I hope cross posts are OK. But I am curious about Experienced Dev's perspective on this as well since the question is rather technical.

Copying my opinion from the other thread in case you don't want to look at my other thread:

My personal opinion is that high API usage fees hurt open source LLMs (e.g. GPT4All). I would rather not see this new technology monopolized by those who can pay API fees.

[–] Clifspeare 6 points 1 year ago

I'd tend to agree. There are enough barriers to training large models without artificially increase them just because the largest players can afford it.

[–] msage 6 points 1 year ago (1 children)

Scraping open content is OK. Search engines have been doing that, it's their main job.

LLM won't exist without large inputs, hehe, and the internet is a good source for a big volume of language, most of which can even make sense.

I don't feel like Reddit should be against LLMs, ignoring their bogus claims. At least I hope GitHub doesn't share private and licenced repos.

[–] [email protected] 4 points 1 year ago (1 children)

I was wondering if someone would bring up search engine indexing. Google certainly has the upper hand for LLM training data with Reddit's new API change since they have the comments anyway. This is a big reason I fear these API changes, it is very much concentrating power in the hands of already powerful companies.
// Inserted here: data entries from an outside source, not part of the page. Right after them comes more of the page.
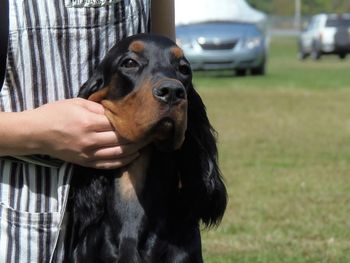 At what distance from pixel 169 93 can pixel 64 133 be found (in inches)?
11.2

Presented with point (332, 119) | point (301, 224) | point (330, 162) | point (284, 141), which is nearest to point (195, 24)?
point (332, 119)

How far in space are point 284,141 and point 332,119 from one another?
2991mm

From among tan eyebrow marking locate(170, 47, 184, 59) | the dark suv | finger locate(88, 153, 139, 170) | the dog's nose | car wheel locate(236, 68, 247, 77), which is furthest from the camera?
the dark suv

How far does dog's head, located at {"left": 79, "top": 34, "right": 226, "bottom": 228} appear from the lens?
262cm

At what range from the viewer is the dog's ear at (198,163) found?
2910mm

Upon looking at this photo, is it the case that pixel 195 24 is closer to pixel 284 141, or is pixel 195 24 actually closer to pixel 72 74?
pixel 284 141

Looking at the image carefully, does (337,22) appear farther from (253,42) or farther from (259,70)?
(259,70)

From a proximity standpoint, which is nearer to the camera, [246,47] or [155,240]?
[155,240]

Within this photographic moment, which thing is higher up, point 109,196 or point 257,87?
point 109,196

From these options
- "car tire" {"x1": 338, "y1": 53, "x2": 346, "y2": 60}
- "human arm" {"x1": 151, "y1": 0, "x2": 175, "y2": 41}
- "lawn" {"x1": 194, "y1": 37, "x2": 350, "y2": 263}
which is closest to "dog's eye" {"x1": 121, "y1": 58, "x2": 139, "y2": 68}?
"human arm" {"x1": 151, "y1": 0, "x2": 175, "y2": 41}

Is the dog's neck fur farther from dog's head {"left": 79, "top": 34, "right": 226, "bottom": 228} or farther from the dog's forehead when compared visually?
the dog's forehead

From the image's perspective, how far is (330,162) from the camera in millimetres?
10398

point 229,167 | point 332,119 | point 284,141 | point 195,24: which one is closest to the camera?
point 229,167

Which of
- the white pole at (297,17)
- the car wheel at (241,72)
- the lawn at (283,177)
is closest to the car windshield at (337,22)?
the car wheel at (241,72)
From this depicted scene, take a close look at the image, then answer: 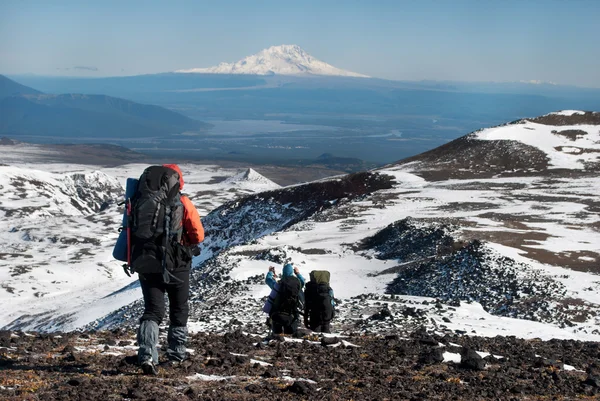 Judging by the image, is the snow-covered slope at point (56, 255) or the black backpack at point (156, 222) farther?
the snow-covered slope at point (56, 255)

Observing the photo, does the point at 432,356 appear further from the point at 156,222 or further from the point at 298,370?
the point at 156,222

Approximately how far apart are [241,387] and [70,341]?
5.72 metres

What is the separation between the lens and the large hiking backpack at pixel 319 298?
1731cm

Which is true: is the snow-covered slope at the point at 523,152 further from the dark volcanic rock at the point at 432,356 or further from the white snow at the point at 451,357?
the dark volcanic rock at the point at 432,356

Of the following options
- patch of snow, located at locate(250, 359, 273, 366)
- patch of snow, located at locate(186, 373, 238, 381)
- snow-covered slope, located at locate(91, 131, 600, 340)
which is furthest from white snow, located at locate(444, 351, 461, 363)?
snow-covered slope, located at locate(91, 131, 600, 340)

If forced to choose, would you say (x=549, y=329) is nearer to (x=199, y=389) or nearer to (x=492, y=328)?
(x=492, y=328)

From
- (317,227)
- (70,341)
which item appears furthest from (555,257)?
(70,341)

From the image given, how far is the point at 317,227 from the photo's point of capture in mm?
49312

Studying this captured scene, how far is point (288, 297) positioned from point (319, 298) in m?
1.13

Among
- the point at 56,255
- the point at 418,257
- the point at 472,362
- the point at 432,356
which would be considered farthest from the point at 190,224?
the point at 56,255

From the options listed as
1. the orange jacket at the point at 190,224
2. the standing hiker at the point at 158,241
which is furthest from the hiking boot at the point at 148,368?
the orange jacket at the point at 190,224

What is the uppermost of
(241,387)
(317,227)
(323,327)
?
(241,387)

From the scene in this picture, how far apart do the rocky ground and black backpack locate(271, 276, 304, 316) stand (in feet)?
2.79

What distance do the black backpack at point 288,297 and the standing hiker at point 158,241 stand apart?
5698 millimetres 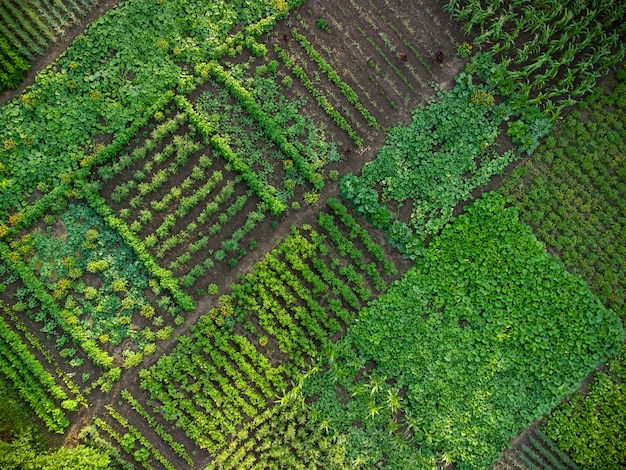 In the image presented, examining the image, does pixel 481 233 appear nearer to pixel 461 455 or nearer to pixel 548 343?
pixel 548 343

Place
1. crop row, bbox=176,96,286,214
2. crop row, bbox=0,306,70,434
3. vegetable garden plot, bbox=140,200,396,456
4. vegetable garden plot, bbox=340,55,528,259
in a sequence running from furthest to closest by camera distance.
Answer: vegetable garden plot, bbox=340,55,528,259
crop row, bbox=176,96,286,214
vegetable garden plot, bbox=140,200,396,456
crop row, bbox=0,306,70,434

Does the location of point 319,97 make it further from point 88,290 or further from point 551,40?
point 88,290

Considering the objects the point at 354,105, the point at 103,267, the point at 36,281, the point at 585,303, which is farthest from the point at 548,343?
the point at 36,281

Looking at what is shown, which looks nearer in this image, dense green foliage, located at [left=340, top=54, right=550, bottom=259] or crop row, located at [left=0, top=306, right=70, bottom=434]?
crop row, located at [left=0, top=306, right=70, bottom=434]

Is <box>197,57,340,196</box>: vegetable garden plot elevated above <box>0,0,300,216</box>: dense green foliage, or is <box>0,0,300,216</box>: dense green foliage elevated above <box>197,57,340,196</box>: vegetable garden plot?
<box>0,0,300,216</box>: dense green foliage

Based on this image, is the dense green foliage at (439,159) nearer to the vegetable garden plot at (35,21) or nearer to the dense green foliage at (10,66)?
the vegetable garden plot at (35,21)

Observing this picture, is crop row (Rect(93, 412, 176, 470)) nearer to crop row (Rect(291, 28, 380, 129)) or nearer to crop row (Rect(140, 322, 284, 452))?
crop row (Rect(140, 322, 284, 452))

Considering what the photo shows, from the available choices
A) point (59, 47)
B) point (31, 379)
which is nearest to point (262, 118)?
point (59, 47)

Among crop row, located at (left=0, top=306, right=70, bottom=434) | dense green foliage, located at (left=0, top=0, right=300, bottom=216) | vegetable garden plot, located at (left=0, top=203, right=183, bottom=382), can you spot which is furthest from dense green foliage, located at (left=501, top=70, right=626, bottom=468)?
crop row, located at (left=0, top=306, right=70, bottom=434) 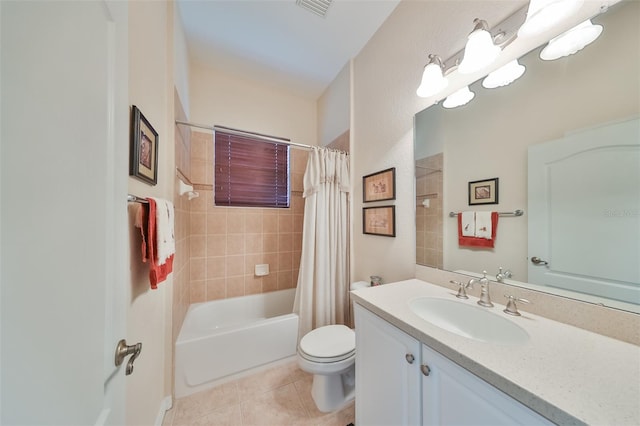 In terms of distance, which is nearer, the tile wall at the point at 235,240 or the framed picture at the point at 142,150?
the framed picture at the point at 142,150

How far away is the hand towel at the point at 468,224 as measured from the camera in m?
1.08

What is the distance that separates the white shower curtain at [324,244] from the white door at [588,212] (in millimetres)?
1313

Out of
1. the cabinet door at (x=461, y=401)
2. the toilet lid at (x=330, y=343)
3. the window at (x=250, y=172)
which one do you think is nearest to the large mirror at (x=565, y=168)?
the cabinet door at (x=461, y=401)

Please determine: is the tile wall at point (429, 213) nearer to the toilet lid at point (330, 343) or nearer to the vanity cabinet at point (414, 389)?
the vanity cabinet at point (414, 389)

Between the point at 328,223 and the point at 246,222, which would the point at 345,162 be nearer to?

[–] msage 4 points 1 year ago (1 children)

Always has been meme.jpg

I really don't think Reddit changed because of the AI, it's just for the IPO, trying to pump and dump it sky high.

It's really sad when you imagine what we could do as a species, if we could work together instead of trying to one-up each other.

It kind of brings me back to decentralized services, which for me is the ultimate freedom model, and I'm loving this alternative to Reddit.

[–] [email protected] 3 points 1 year ago (1 children)

I am cautiously optimistic about the decentralization and federation. But I think the biggest hurdle is developing the user base right now. ExperiencedDevs is the only subreddit I followed before this all started that directly linked a Lemmy alternative.

[–] msage 1 points 1 year ago (1 children)

I'm not sure which subreddit mentioned Lemmy, but I've never been to r/ExperiencedDevs.

I've been using my Matrix instance for 99% of my private conversations since 2018, so I know it works, but also see that people won't change unless their #1 solution isn't taken away.

So right now it's do or die for any Reddit alternative.

[–] [email protected] 1 points 1 year ago (1 children)

r/ExperiencedDevs pointed at programming.dev specifically which is why I am giving it a shot. I have used decentralized stuff in the past like Usenet and IRC. I kinda miss the lack of corporate overlords.

https://www.reddit.com/r/ExperiencedDevs/comments/147ebxd/experienceddevs_will_go_dark_until_the_end_of_the/

[–] msage 1 points 1 year ago

I found this instance from the list, checked out any interesting names, saw the content, and this one looked the best for me.

I will do my own instance in the future, but it will take about a month before my schedule clears out.

It's kind of weird though, I always wanted to microblog, but never really found the time, now I'm thinking of using Lemmy for that.

[–] [email protected] 6 points 1 year ago (1 children)

I do not want my content to contribute to propertiery LLM that will make billion for large tech company without giving back to the community. Unfortunately I think fediverse have a harder time countering large scale data harvesting than a centralized service like reddit.

On the other hand, I don't mind open source, privacy respecting (is this a thing for LLM?) LLM to use my content.

[–] [email protected] 1 points 1 year ago

I am also wary of big tech companies using my comment history for their LLMs. However, I worry that the tech companies will scrape data anyway and Reddit's API pricing just locks out the open source LLMs. There are a few of them, a couple that I have played with:

https://github.com/nomic-ai/gpt4all

https://github.com/ggerganov/llama.cpp

Some projects even try to preserve privacy. But I think its more on the side of what extra training data you give it and the queries you issue.

https://github.com/imartinez/privateGPT

[–] [email protected] 3 points 1 year ago

My posts are going to be used for LLM training regardless.